This is the mail archive of the gcc-patches@gcc.gnu.org mailing list for the GCC project.


Index Nav: [Date Index] [Subject Index] [Author Index] [Thread Index]
Message Nav: [Date Prev] [Date Next] [Thread Prev] [Thread Next]
Other format: [Raw text]

[RFA:] Fix PR optimization/15296, delayed-branch-slot bug.


A reviewer is supposed to be familiar with reorg.c.  Compile the test-case
below for cris-axis-elf with -Os on 3.4-branch; or -Os, -O2 or -O3 for the
3.3-branch.  The bug is present but not exposed by the test-case on trunk.

There will be an instruction setting R1 to -1 in a delay-slot, though R1
also assumed to hold a memory address at the branch target:

(insn 148 43 121 (sequence [
            (jump_insn 44 43 54 (set (pc)
                    (if_then_else (ne (cc0)
                            (const_int 0 [0x0]))
                        (label_ref 140)
                        (pc))) 151 {bne} (nil)
                (expr_list:REG_BR_PRED (const_int 4 [0x4])
                    (expr_list:REG_BR_PROB (const_int 5000 [0x1388])
                        (nil))))
            (insn 54 44 121 (set (reg/v:SI 1 r1 [orig:27 v1 ] [27])
                    (const_int -1 [0xffffffff])) 32 {*movsi_internal} (nil)
                (nil))
        ]) -1 (nil)
    (nil))

...
(code_label 140 124 77 11 "" [2 uses])

(insn 77 140 79 (set (mem/s:SI (post_inc:SI (reg/f:SI 1 r1 [37])) [0 <variable>.i+0 S4 A8])
        (reg/v:SI 13 r13 [orig:26 v0 ] [26])) 32 {*movsi_internal} (insn_list 133 (nil))
    (expr_list:REG_DEAD (reg/v:SI 13 r13 [orig:26 v0 ] [26])
        (expr_list:REG_INC (reg/f:SI 1 r1 [37])
            (nil))))


The wrongly placed -1 in the delay-slot comes from the *second* call to
fill_eager_delay_slots, but the cause is wrong data from the
relax_delay_slots "cleanup" just after the *first* call to
fill_eager_delay_slots.

For reference, when things have already gone wrong, at the time of that
second fill_eager_delay_slots call, insn 44 and its target are:

(jump_insn 44 43 121 (set (pc)
        (if_then_else (ne (cc0)
                (const_int 0 [0x0]))
            (label_ref 140)
            (pc))) 151 {bne} (nil)
    (expr_list:REG_BR_PROB (const_int 5000 [0x1388])
        (nil)))

...
(note 124 75 140 [bb 7] NOTE_INSN_BASIC_BLOCK)

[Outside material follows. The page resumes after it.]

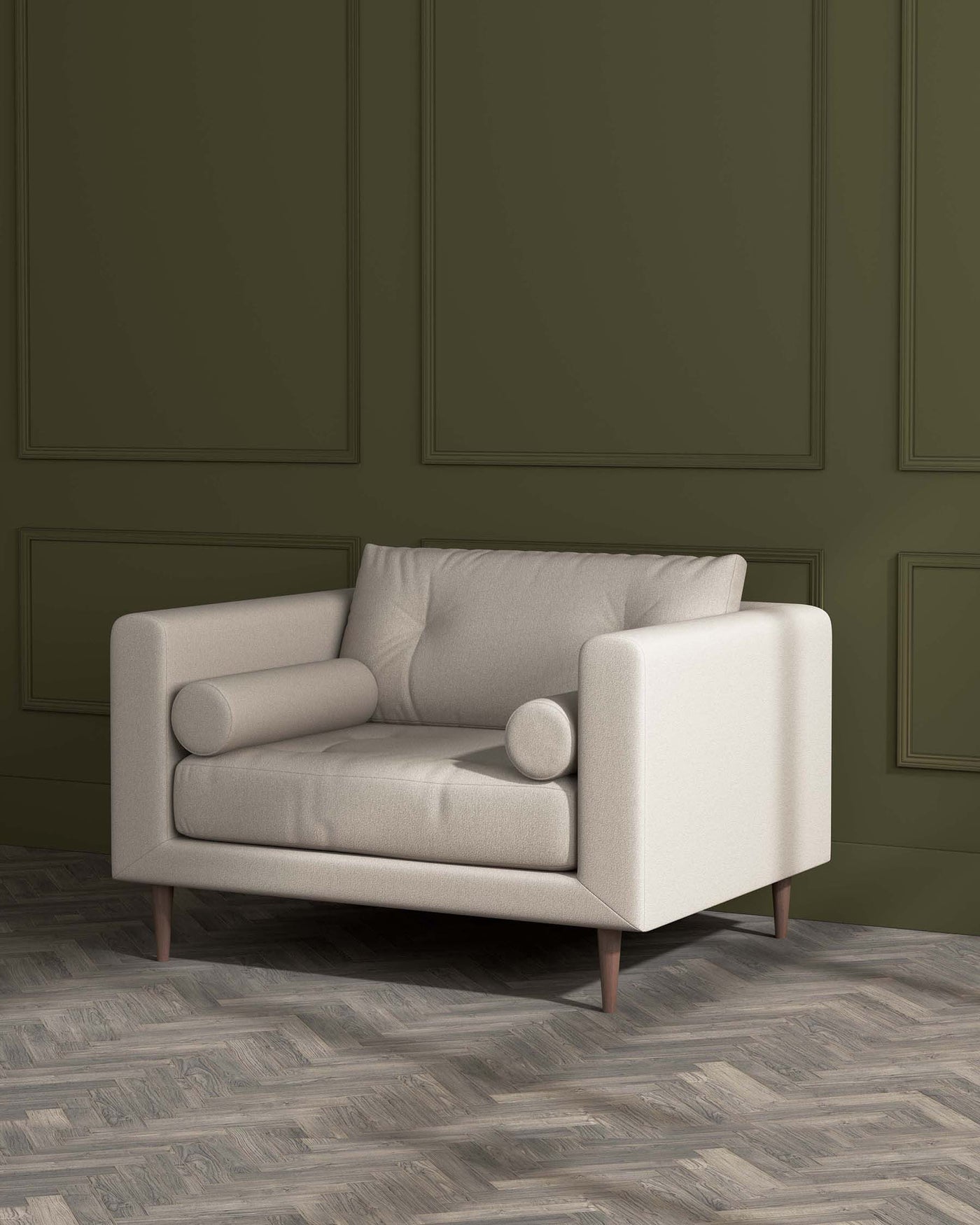 Modern beige fabric loveseat with a minimalist design, featuring clean lines, cushioned arms, and cylindrical cushions, supported by tapered wooden legs, against an olive green panelled wall on a herringbone-patterned wooden floor.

(code_label 140 124 77 11 "" [2 uses])

(insn 77 140 79 (set (mem/s:SI (post_inc:SI (reg/f:SI 1 r1 [37])) [0 <variable>.i+0 S4 A8])
        (reg/v:SI 13 r13 [orig:26 v0 ] [26])) 32 {*movsi_internal} (insn_list 133 (nil))
    (expr_list:REG_DEAD (reg/v:SI 13 r13 [orig:26 v0 ] [26])
        (expr_list:REG_INC (reg/f:SI 1 r1 [37])
            (nil))))

There are no insns at the target which can fill the delay-slot, but the
fall-through execution path is "owned" (not the target of any branches) so
fill_eager_delay_slots will try to move an insn which must not clobber
anything used at the branch target, from the fallthrough-path to the
delay-slot.  Now, when fill_slots_from_thread calls mark_target_live_regs
(in resource.c) to check that validity, the global_live_at_start info for
that basic block says that these registers are live:

 0 [r0] 2 [r2] 13 [r13] 14 [sp]

Note the absence of register 1, r1, despite it being used in insn 77 at
the target.  With the original sequence of insns, before the *first*
fill_eager_delay_slots call, that data would have been true, because then
this was how bb 7 looked:

(code_label 75 74 124 5 ("l3") [2 uses])

(note 124 75 133 [bb 7] NOTE_INSN_BASIC_BLOCK)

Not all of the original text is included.